EXERCISE PROMPT: Give back only the lines from the one with "Christmas In July Santa" through the last line of the data, exactly as they appear.

SUPPLIED ENTRIES:
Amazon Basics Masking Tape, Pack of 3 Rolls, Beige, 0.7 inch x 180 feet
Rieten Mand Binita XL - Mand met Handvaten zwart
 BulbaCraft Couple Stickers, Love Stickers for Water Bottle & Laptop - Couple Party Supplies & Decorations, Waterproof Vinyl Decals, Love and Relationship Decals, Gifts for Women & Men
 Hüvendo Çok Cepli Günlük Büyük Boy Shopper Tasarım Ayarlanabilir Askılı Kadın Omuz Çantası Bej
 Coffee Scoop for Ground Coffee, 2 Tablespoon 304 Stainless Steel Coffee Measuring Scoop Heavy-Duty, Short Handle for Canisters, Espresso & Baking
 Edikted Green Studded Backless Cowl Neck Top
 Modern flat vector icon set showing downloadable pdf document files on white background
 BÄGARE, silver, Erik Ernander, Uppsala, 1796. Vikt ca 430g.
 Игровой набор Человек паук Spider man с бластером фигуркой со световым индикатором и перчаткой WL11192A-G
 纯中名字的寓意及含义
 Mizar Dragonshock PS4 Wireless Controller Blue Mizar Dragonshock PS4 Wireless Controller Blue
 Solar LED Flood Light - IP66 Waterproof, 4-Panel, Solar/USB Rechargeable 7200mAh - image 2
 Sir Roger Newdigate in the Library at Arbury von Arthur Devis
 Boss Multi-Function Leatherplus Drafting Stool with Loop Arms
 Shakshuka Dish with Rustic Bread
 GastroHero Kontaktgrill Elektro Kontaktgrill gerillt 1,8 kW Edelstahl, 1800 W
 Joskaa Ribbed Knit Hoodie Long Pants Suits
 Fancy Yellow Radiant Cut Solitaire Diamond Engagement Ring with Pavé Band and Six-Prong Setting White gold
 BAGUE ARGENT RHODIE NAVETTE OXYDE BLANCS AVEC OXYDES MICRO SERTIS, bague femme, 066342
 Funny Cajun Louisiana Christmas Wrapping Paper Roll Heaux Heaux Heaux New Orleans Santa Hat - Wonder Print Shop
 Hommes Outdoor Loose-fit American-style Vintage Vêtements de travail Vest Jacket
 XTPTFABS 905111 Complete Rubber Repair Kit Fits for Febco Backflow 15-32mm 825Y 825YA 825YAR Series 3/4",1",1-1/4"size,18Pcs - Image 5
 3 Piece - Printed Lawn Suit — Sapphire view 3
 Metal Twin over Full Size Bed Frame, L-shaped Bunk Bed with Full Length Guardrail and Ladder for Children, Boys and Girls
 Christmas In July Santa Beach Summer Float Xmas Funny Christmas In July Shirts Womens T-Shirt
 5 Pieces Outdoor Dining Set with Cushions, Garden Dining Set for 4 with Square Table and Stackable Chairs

FINISHED TASK:
 Christmas In July Santa Beach Summer Float Xmas Funny Christmas In July Shirts Womens T-Shirt
 5 Pieces Outdoor Dining Set with Cushions, Garden Dining Set for 4 with Square Table and Stackable Chairs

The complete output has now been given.